December 5, 2021 (2nd Sunday of Advent)

“A Spiritual Infrastructure Proposal”

by Fr. Dominic DeLay, O.P.

[This is the text composed by the homilist prior to delivering the homily.]

Are you impressed with the list of dignitaries: the emperor Tiberius Caesar, the governor Pontius Pilate, King Herod and his fellow tetrarchs Philip and Lysanias, and the high priests Annas and Caiaphas? I’m not sure God was impressed, because in the midst of this grand and complicated hierarchy, the word of God came, not to them, but to wild-eyed, title-less John in the desert.

What is that word of God? The same word, more or less, as the word given to the prophet Isaiah, also cried out in the desert: Prepare the way of the Lord, make straight his paths. Fill in the valleys, level the high places, make the roads straight and smooth. In other words, John is preaching the mother of all infrastructure bills.

What sort of infrastructure work needs to be done in your life? If you’re wondering if you can make it to the end of the finals week road, is there anything you can do to pave the way to peace? If you’re experiencing an avalanche of demands, what do you need to clear from the road? If your road has some potholes of despair, how can hope smooth the way? If you’re caught in a traffic jam of resentment, can you create a toll-free forgiveness lane? If you find yourself on the rough road of self-reliance, can you build a carpool lane with God and others?

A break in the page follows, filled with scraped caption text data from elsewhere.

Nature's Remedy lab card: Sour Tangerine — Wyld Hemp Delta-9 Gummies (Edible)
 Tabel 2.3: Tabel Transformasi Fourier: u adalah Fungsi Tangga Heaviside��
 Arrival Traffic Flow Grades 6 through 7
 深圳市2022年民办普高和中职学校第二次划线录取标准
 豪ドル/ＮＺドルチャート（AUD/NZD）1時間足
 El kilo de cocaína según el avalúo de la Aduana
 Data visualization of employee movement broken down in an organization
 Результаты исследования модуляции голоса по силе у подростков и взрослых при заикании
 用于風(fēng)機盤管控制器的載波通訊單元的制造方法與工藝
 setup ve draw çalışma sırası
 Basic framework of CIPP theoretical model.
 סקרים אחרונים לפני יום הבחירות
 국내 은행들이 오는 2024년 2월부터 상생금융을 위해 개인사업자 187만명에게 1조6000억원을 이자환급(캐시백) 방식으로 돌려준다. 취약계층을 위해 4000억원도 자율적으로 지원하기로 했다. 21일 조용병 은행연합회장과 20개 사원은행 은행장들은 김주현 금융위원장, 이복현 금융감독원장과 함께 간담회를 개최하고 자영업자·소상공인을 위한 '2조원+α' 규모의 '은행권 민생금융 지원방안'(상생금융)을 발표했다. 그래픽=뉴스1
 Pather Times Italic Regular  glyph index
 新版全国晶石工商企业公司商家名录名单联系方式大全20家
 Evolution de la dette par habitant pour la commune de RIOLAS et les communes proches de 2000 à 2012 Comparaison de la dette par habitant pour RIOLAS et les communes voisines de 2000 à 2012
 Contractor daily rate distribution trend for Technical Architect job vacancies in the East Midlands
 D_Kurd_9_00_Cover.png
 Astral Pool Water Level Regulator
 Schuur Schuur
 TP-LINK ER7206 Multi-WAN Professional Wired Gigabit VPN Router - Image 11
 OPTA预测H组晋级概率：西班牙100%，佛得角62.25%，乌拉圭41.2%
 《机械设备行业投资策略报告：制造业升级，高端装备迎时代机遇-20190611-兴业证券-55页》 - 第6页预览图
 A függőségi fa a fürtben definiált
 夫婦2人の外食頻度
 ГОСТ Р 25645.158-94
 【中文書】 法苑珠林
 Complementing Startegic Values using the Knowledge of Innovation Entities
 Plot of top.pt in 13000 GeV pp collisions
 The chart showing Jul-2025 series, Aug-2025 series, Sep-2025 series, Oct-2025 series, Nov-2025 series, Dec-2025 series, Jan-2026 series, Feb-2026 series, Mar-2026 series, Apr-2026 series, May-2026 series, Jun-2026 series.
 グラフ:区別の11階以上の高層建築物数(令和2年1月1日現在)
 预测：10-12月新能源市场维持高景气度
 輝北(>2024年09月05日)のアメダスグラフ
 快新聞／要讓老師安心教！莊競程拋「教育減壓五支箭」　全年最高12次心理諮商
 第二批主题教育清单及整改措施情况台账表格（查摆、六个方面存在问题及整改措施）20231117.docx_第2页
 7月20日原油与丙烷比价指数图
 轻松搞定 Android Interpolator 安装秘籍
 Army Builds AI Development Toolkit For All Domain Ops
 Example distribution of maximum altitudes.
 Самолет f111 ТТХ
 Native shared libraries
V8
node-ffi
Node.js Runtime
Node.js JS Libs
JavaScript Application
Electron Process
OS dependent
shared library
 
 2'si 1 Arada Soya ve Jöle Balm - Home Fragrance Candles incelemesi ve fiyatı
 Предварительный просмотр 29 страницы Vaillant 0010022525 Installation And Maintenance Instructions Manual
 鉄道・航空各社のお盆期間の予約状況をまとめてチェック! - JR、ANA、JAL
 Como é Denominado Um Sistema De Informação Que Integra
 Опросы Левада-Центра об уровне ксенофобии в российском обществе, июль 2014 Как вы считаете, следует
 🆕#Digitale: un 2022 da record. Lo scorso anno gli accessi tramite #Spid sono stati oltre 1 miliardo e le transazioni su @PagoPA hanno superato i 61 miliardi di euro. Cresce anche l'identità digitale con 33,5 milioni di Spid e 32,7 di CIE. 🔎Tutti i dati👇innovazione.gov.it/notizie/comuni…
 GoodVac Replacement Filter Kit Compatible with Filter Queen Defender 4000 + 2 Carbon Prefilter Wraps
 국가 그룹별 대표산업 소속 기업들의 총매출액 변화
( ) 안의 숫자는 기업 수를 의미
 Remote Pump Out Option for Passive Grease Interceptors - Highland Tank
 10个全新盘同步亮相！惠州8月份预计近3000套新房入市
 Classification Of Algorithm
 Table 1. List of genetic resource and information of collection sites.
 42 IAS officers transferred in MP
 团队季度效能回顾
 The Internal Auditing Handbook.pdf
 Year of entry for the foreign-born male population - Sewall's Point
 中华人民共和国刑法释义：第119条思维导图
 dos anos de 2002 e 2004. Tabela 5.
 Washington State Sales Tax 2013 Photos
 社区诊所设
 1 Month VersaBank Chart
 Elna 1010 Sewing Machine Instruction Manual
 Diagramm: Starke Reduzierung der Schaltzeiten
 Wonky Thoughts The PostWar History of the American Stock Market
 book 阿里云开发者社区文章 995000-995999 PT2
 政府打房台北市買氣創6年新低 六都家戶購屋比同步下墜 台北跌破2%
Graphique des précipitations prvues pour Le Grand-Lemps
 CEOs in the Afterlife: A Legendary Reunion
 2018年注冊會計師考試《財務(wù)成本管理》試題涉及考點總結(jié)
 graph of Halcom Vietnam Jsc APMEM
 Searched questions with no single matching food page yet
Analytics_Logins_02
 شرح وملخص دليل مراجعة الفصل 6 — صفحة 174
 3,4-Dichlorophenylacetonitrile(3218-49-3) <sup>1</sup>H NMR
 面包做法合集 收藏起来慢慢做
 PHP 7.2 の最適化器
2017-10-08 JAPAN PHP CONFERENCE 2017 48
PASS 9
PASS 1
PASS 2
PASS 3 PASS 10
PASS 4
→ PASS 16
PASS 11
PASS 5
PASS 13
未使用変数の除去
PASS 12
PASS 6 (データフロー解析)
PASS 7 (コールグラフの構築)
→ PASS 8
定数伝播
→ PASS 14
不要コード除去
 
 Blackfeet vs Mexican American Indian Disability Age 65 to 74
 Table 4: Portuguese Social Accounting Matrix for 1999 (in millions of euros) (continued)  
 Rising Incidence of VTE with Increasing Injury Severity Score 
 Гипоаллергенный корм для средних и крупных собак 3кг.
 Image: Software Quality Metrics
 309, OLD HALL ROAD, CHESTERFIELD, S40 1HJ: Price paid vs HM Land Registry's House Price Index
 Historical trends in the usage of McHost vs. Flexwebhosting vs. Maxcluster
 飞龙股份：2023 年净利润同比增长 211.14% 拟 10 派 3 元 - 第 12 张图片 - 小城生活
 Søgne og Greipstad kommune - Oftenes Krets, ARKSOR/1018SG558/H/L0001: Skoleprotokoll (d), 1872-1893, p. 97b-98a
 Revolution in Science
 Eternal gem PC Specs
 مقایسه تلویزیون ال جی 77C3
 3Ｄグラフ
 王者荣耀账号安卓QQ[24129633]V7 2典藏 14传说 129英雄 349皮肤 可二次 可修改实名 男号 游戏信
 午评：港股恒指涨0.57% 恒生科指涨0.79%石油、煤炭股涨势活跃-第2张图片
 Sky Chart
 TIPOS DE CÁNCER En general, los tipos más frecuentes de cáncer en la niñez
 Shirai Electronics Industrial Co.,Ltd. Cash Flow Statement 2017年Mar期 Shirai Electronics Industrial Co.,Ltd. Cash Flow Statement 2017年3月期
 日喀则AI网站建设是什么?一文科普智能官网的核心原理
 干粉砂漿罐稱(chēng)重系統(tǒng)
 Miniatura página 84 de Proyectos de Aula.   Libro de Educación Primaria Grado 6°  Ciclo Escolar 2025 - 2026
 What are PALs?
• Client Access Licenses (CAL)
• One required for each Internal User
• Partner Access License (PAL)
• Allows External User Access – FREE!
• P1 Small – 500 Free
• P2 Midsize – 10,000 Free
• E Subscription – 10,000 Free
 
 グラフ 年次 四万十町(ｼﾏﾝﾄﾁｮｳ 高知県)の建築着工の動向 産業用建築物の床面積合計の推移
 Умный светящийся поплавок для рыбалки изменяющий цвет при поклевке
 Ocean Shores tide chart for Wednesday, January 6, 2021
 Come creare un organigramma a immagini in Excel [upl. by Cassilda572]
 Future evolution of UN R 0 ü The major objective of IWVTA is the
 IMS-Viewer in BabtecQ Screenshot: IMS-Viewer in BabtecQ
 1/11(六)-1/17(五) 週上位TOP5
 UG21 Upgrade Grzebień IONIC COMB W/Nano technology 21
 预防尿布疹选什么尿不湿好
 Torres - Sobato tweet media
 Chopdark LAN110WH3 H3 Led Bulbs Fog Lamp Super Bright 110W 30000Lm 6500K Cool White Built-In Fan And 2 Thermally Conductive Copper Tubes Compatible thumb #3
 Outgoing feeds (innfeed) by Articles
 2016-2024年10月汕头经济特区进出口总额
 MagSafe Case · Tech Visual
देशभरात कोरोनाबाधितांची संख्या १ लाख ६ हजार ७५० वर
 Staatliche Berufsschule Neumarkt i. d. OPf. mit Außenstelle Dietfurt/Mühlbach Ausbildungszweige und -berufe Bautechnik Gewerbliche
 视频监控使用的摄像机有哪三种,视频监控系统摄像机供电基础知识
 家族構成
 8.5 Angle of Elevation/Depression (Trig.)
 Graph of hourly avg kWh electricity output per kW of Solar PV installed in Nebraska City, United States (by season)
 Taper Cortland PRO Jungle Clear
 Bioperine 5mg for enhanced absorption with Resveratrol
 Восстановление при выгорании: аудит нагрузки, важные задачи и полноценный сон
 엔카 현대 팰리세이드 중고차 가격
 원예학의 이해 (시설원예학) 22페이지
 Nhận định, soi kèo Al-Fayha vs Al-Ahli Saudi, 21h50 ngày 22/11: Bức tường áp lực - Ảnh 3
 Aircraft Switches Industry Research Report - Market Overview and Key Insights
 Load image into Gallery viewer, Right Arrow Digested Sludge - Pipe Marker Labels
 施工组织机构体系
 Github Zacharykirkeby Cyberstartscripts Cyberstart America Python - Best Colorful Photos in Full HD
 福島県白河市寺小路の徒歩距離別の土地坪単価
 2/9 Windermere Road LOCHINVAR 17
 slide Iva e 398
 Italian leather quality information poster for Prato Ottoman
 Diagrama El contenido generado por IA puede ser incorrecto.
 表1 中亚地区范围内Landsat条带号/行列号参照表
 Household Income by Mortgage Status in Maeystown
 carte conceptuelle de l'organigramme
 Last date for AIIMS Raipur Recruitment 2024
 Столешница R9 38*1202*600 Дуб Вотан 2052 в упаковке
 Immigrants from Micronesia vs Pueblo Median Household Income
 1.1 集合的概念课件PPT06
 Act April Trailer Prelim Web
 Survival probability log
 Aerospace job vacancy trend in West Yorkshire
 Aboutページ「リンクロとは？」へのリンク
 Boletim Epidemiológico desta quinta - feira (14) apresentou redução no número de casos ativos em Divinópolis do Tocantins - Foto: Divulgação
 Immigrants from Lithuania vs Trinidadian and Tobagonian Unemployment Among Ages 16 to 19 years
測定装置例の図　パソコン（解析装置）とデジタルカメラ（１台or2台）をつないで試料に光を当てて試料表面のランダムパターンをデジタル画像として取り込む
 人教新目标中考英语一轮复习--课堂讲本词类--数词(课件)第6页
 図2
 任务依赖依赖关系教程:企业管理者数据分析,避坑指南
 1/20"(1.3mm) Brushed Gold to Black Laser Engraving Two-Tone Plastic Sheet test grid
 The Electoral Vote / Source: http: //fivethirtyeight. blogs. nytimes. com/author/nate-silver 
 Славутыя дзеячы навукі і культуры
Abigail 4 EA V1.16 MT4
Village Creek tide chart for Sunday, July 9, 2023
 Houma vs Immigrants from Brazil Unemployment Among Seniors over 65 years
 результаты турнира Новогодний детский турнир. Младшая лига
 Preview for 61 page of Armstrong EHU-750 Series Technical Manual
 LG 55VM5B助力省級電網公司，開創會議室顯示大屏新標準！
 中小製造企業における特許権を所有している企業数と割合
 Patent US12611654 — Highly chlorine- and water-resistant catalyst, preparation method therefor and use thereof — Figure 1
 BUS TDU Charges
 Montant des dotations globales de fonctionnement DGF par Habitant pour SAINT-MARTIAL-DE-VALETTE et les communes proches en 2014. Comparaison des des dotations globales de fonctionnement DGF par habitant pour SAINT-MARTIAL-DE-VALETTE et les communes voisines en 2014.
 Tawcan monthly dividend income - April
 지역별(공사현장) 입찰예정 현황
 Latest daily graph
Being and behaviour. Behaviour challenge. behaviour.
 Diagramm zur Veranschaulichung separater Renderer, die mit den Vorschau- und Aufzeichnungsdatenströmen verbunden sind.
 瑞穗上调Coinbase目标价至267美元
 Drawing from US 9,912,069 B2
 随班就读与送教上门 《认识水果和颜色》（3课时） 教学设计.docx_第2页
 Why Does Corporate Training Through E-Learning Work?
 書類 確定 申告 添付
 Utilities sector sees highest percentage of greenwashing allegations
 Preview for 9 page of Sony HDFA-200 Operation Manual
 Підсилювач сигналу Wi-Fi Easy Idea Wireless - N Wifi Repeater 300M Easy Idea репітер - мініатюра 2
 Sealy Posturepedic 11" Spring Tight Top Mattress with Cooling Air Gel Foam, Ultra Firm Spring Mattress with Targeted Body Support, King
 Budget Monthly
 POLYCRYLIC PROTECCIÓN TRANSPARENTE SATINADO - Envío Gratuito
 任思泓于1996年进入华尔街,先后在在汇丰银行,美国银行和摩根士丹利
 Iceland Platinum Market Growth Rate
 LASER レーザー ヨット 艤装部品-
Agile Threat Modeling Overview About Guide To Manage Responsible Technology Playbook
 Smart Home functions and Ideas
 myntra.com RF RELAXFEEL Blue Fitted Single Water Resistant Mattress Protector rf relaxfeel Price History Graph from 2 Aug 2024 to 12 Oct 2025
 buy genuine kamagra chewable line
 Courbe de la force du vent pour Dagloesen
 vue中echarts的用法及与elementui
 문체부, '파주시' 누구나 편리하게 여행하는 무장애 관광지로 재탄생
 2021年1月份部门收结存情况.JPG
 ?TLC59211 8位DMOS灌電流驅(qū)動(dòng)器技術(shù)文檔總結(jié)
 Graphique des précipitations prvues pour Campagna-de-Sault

Advent is a time to begin, with God’s grace, major infrastructure projects. John the Baptism preached a baptism of repentance. That’s repent, not repaint. We don’t want to keep covering up the structural cracks in our life with another coat of paint when we need new structures.

Why not invest 1-2% of our day in prayer, 15-30 minutes? And prayer is, after all, mostly about letting God do the work. We can let God heal the pathways of our hearts. Prayer is also a rest stop along the way. Yes, a place to recharge the batteries of our electric cars, but even more basically a time to really live instead of anxiously travel, a time to take in the view, a time to just be with God.

What sort of infrastructure work needs to be done in our Catholic Community at Stanford? Why do so many of our members hesitate to be part of one of our Encounter Christ Small Groups or to step forward to help with our worship? Are there onramps to engagement that we can build together so that more people feel a sense of real belonging and ownership?

Some of our permanent community members don’t feel like full members, saying to themselves: Oh, I guess he’s just asking students to help with Mass. Some students walk into this beautiful building and see themselves as only tourists, or maybe they feel swallowed up by its size, feeling tiny because they are alone. They say to themselves: She couldn’t be talking to me when she asks for help with Mass.

What bridges can we build between students and permanent community members, between those who tend to look toward innovation and those who favor the familiar, between those inside MemChu and those outside? “The winding roads shall be made straight, and the rough ways made smooth, and all flesh shall see the salvation of God.” All flesh. Everyone is invited to the table of God’s glory.

Can our community build an infrastructure for all? We have this new tool called synodality. Really, it’s a traditional tool, sharpened, renamed, and rebranded. Synodality is literally journeying together, but it’s also building together the road for that journey, building the infrastructure of communal living by listening, speaking up, and discerning together, discerning the path of the Spirit. Read today’s handout about our community’s synodal plan, which begins over the holidays with each of us initiating conversations with family and friends.

Synodality is a tool for building our global Church’s infrastructure as well. Synodality can help us build structures of accountability and participation, bridges to overcome division. Might synodality, as we Catholics hone this tool of listening and discerning, also become a tool for the renewal and development of our nation’s infrastructure? Can synodality help us create structures that share God’s bounty, structures of anti-racism, and structures of inclusion and participation? Can synodality, this journeying together, help us build bridges across political divides?

John the Baptist calls us to repentance. The Greek here is metanoia, a change of mind, a new way of thinking. Think different, as the old Apple slogan said. But this change in thinking leads to a fundamental change in living. Metanoia is a conversion, a reformation. Sounds like infrastructure work.

But metanoia is also often thought of as a turning around, a change in direction. The road ahead may be rough or blocked by an avalanche, but sometimes, instead of fixing the road, we might simply need to turn around. It’s like when we insist on following our GPS even when it’s taking us onto an unfinished bridge.

Instead, we can follow our moral compass and turn around, journeying, not to what we perceive as the center of life and activity, with the emperors, governors, and tetrarchs, but to what we perceive as the margins, where we meet the people who are at the center of God’s attention. There, we discover that we don’t need any roads to God or God to us. God is already, always present. There, at the true center of things, all flesh shall see God’s glory.